Assistant Professor of Pathology and Laboratory Medicine, Perelman School of Medicine at the University of Pennsylvania

The laboratory is interested in the regulation of stem cells activity in physiological and pathological contexts, and we have chosen the hematopoietic compartment and the liver as working models.

We study the mechanisms that regulate various aspects of stem cell biology, including cell cycle regulation, the decision to self-renew or differentiate into more mature cells, and interactions between stem cells and their niches. While hematopoietic stem cells are well described and serve as a paradigm to study stem cells from other biological systems, the liver stem/progenitor cell compartment is poorly characterized, and the contribution of stem cells to liver development and homeostasis is a subject of intense debate. We are developing several approaches, including new lines of transgenesis, to identify populations of stem and progenitor cells throughout different steps of development (from embryogenesis to adult liver) and we intend to characterize these populations, in order to identify a spatio-temporal hierarchy between them and understand their contribution to liver biology.

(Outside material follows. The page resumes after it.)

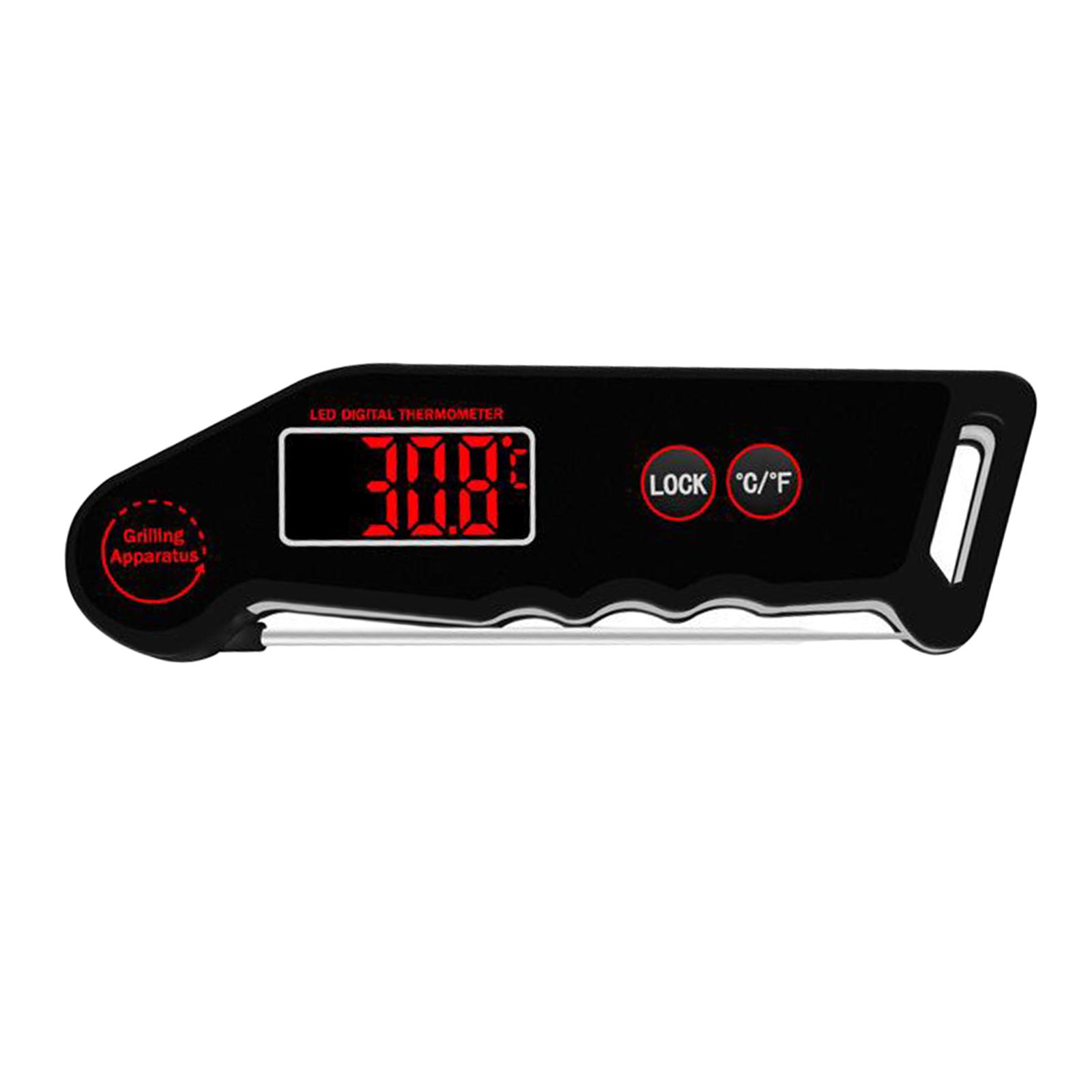 Instant Read Meat for Cooking, Digital Food with Backlight, and Foldable Probe for Deep Fry, BBQ, Grill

In addition, we investigate the mechanisms that promote the aberrant activity of stem cells, and the development of various types of cancer that originates from the stem cell compartment. In particular, we are developing an important research effort to characterize the role of the Rb pathway in the regulation of stem cells activity. The Rb family of genes includes Rb (the first identified tumor suppressor gene), p130 and p107, and is a central component of the Rb pathway. Genetic or epigenetic events targeting various components of the Rb pathway have been identified in the vast majority of cancers of diverse origin, and an important consequence of these events is the functional inactivation of the Rb family of proteins. However, mechanisms of tumorigenesis upon functional alteration of the Rb pathway are poorly understood, and we have recently shown that the stem cell compartment is particularly sensitive to loss of Rb family of genes. We have developed several mouse models to investigate the role of the Rb family of genes in the control of hematopoietic and liver stem cells activity, and we use a combination of bioinformatic analysis, in vitro, ex vivo and in vivo approaches to characterize the molecular and cellular mechanisms of tumorigenesis upon alteration of the Rb pathway in the liver (hepatocellular carcinoma) and the blood (myeloid disorders).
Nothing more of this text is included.